How Oracle PL/SQL Exceptions Propagate?
A PL/SQL program is an anonymous block, a procedure, or a function. This program can call other procedures or functions, or nest an anonymous block within that block. So at any given point in execution, there might be several layers of PL/SQL blocks nested within other blocks. Each PL/SQL block can have its own exception section, or it can be totally void of exception handlers.
To determine the appropriate exception-handling behavior, PL/SQL follows rules regarding:
- Scope: The PL/SQL block or blocks in which an exception can be raised and handled.

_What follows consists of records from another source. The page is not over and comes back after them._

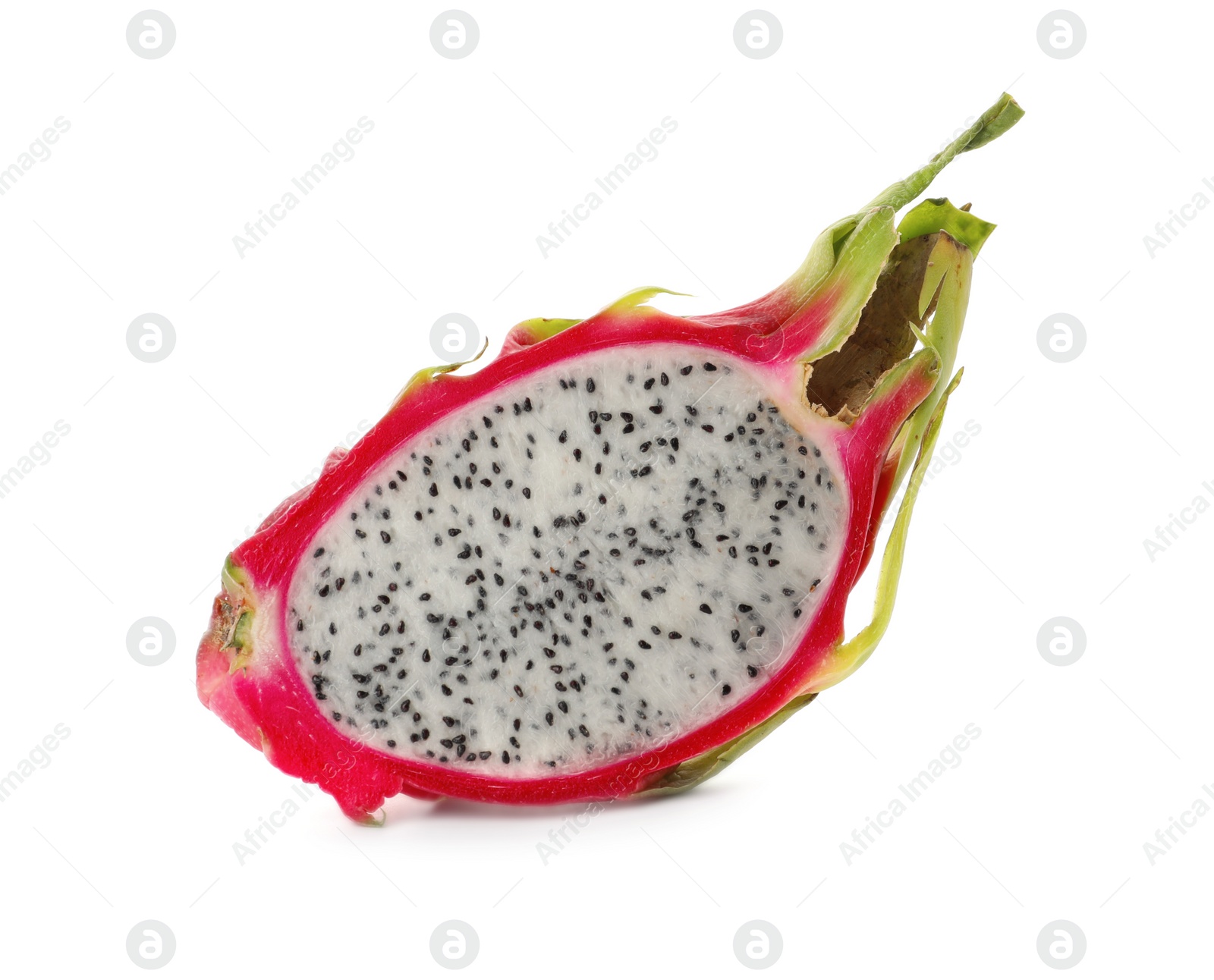 Photo of Half of delicious dragon fruit (pitahaya) isolated on white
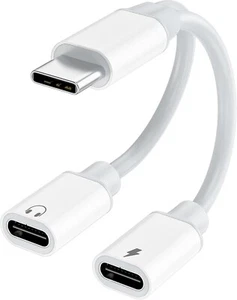 USB-C Splitter Dual USB C Headphone & Charger 2-in-1 type C Audio Adapter( white - Picture 1 of 5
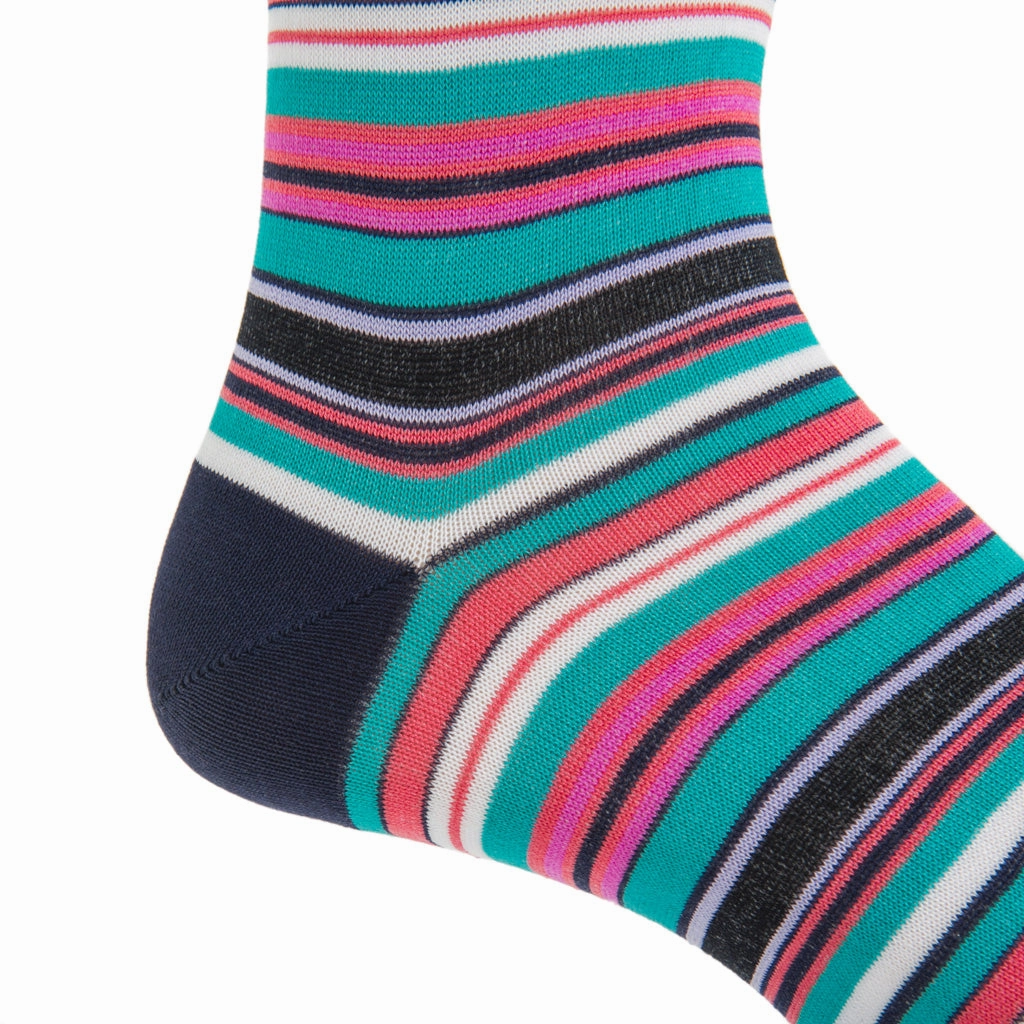 Cl. Navy, with White, Azure Blue, Coral, Rose, Lavender and Ceramic Variegated Stripe Cotton Sock Linked Toe Mid-Calf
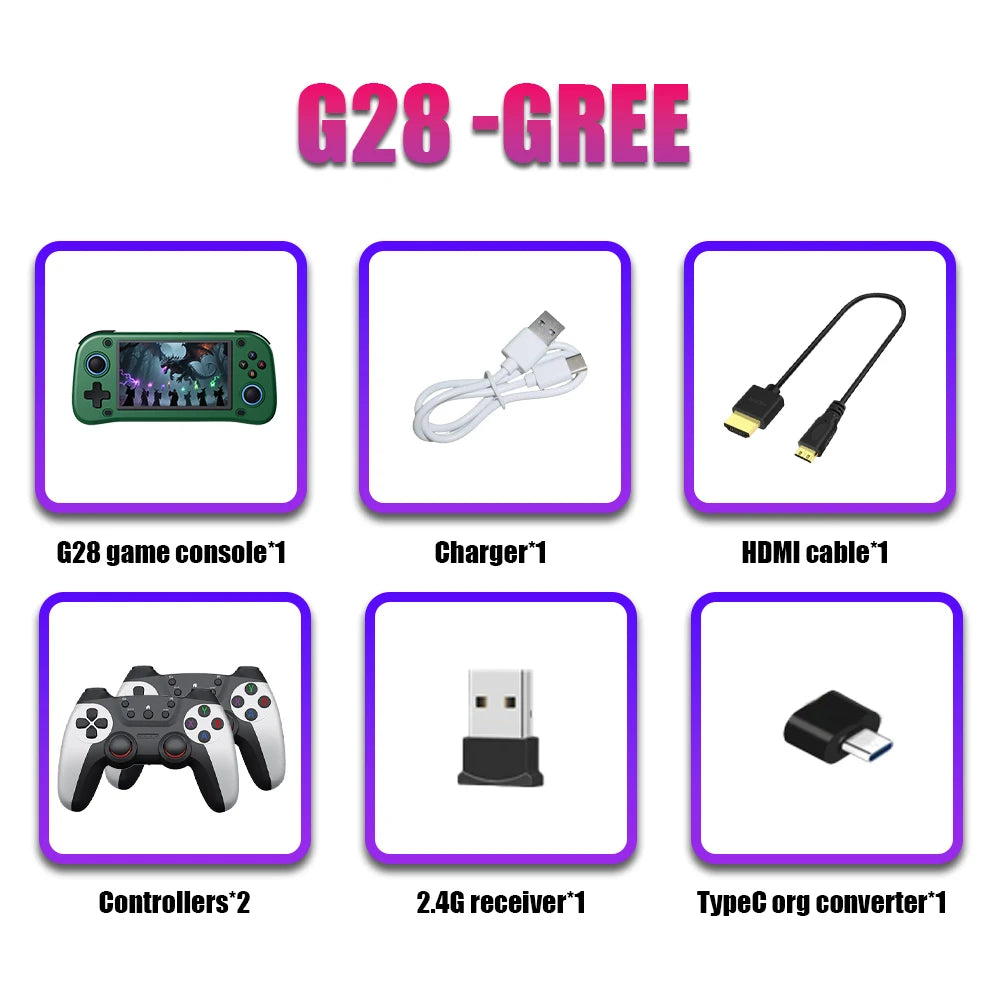 New 64G G28 Handheld Retro Game Console EmuELEC 4.7 OS Portable Game Player with 21000+ Games for PS1/PSP/FC/NES/SS/N64/GB/MD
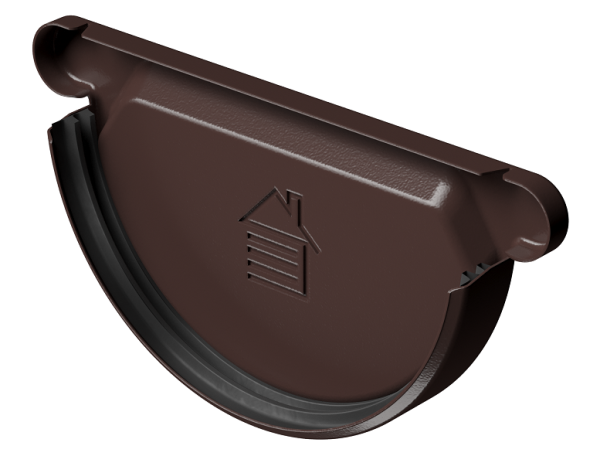 Заглушка желоба D125 Döcke STAL PREMIUM Шоколад, (RAL 8019) купить в Тюмени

- Propagation: The way in which an exception is passed back through enclosing blocks until it is handled or is resolved to be an unhandled exception.
When an exception is raised, if PL/SQL cannot find a handler for it in the current block or subprogram, the exception propagates. That is, the exception reproduces itself in successive enclosing blocks until a handler is found or there are no more blocks to search. If no handler is found, PL/SQL returns an unhandled exception error to the host environment.
Exceptions cannot propagate across remote procedure calls done through database links. A PL/SQL block cannot catch an exception raised by a remote subprogram.
The following three Figures illustrate the basic exception propagation rules defined in the Oracle PL/SQL.
Figure 1 Propagation Rules: Example 1
In the above figure 1, the innermost block has an exception handling section, when exception A is raised, PL/SQL first checks to see if the exception A can be handled in this section. PL/SQL scans the exception handlers and finds that it is handled in this block locally, after which the execution resumes in the enclosing block.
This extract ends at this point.